## GOAL OF THE EXERCISE:
Please give back each line of the listing, unchanged in every word.
***** MATERIAL TO PROCESS *****
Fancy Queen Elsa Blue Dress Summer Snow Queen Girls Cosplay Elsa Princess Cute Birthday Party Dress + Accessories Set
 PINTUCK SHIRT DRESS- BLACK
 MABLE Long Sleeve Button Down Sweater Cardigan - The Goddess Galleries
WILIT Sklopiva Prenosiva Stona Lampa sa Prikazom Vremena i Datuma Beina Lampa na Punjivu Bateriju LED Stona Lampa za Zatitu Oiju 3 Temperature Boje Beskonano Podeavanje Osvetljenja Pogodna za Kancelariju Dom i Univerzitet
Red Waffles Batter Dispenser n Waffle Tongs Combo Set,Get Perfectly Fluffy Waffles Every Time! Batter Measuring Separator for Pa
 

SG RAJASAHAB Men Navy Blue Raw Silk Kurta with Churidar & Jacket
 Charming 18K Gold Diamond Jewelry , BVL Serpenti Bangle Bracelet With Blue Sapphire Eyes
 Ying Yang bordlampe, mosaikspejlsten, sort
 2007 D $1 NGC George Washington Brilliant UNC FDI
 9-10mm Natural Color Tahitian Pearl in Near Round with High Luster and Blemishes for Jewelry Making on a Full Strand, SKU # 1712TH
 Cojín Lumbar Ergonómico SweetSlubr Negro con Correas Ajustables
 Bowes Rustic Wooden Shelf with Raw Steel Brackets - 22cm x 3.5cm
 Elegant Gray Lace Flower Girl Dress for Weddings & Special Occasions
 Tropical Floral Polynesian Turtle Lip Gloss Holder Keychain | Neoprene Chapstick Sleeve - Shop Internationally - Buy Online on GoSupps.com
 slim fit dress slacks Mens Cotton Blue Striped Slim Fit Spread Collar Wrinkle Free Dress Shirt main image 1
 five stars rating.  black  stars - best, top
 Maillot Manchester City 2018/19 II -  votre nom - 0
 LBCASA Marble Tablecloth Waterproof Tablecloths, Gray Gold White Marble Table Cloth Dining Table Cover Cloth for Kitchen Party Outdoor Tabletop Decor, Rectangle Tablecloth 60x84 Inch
*****
## YOUR RESPONSE:
Fancy Queen Elsa Blue Dress Summer Snow Queen Girls Cosplay Elsa Princess Cute Birthday Party Dress + Accessories Set
 PINTUCK SHIRT DRESS- BLACK
 MABLE Long Sleeve Button Down Sweater Cardigan - The Goddess Galleries
WILIT Sklopiva Prenosiva Stona Lampa sa Prikazom Vremena i Datuma Beina Lampa na Punjivu Bateriju LED Stona Lampa za Zatitu Oiju 3 Temperature Boje Beskonano Podeavanje Osvetljenja Pogodna za Kancelariju Dom i Univerzitet
Red Waffles Batter Dispenser n Waffle Tongs Combo Set,Get Perfectly Fluffy Waffles Every Time! Batter Measuring Separator for Pa
 

SG RAJASAHAB Men Navy Blue Raw Silk Kurta with Churidar & Jacket
 Charming 18K Gold Diamond Jewelry , BVL Serpenti Bangle Bracelet With Blue Sapphire Eyes
 Ying Yang bordlampe, mosaikspejlsten, sort
 2007 D $1 NGC George Washington Brilliant UNC FDI
 9-10mm Natural Color Tahitian Pearl in Near Round with High Luster and Blemishes for Jewelry Making on a Full Strand, SKU # 1712TH
 Cojín Lumbar Ergonómico SweetSlubr Negro con Correas Ajustables
 Bowes Rustic Wooden Shelf with Raw Steel Brackets - 22cm x 3.5cm
 Elegant Gray Lace Flower Girl Dress for Weddings & Special Occasions
 Tropical Floral Polynesian Turtle Lip Gloss Holder Keychain | Neoprene Chapstick Sleeve - Shop Internationally - Buy Online on GoSupps.com
 slim fit dress slacks Mens Cotton Blue Striped Slim Fit Spread Collar Wrinkle Free Dress Shirt main image 1
 five stars rating.  black  stars - best, top
 Maillot Manchester City 2018/19 II -  votre nom - 0
 LBCASA Marble Tablecloth Waterproof Tablecloths, Gray Gold White Marble Table Cloth Dining Table Cover Cloth for Kitchen Party Outdoor Tabletop Decor, Rectangle Tablecloth 60x84 Inch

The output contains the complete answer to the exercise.